2007-01-16

Science Further Undercut

Economically and scientifically relevant data on the Earth are no longer important priorities for NASA as shown by budgetary cuts in satellite based Earth observation. Robotic space exploration is the only scientifically or economically effective sort, yet funds are being diverted instead on a fool's errand to send men to the Moon and Mars. Observation of the Earth is important especially to measure climate change. Hopefully the ESA will pick up the pieces on this.

1 comment:

Kochevnik said...

It is good that a greater swathe of humanity is becoming motivated to engage in space exploration, especially of the robotic kind.

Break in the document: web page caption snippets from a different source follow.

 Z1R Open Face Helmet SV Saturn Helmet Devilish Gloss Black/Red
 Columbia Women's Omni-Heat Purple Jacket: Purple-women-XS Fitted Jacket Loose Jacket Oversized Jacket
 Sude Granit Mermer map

As for the manned exploration of space, as reinvigorated by NASA, I have mixed feelings. Yes, it is largely yet another prestige project, as I stated in a posting on my blog. Yet, at the same time, humanity needs to become permanently engaged with space on a personal level, one way or another. Private space travel is thankfully becoming a greater reality, and an East India Company-style quasigovernmental space company, as proposed by Carl Sagan, would prove the best means to extract both knowledge and value from the universe around Earth.

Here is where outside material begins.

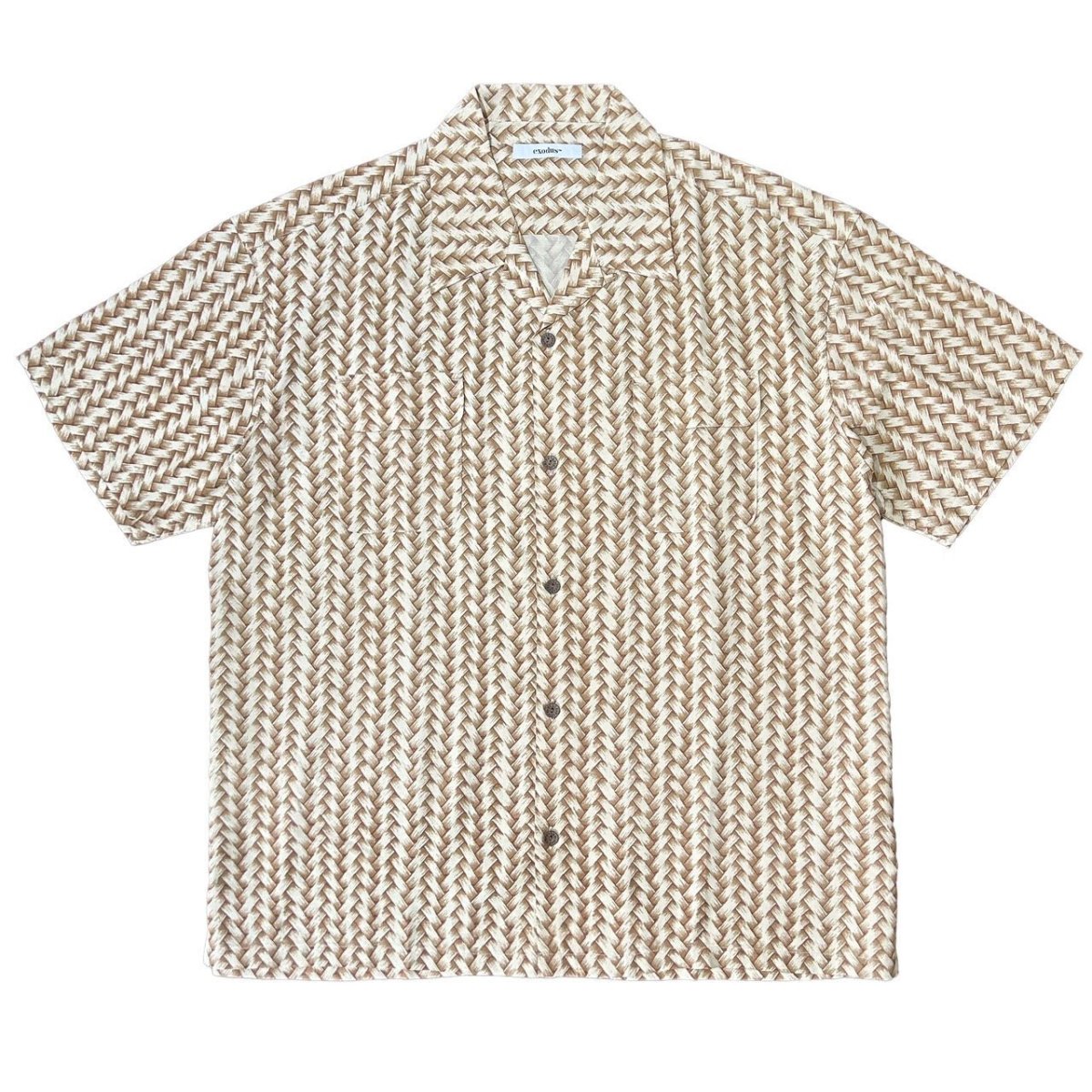 画像1: exodus  AJIRO BAMBOO S/S HAWAIIAN SHIRT (1)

I would point to this much. Despite what the naysayers in Europe said, dreamers, explorers, plunderers and cranks threw bad money after good and countless of lives in exploring the New World, and quite frankly the economic returns were poor in most regions for quite a long time. And yet eventually Europeans found valuable enterprises in the New World (as well as bad ones)...and here we are today, all products of that enterprise. Perhaps space exploration will be something similar. Quite frankly we simply cannot say at this time. But we can travel to the limits, damn the costs.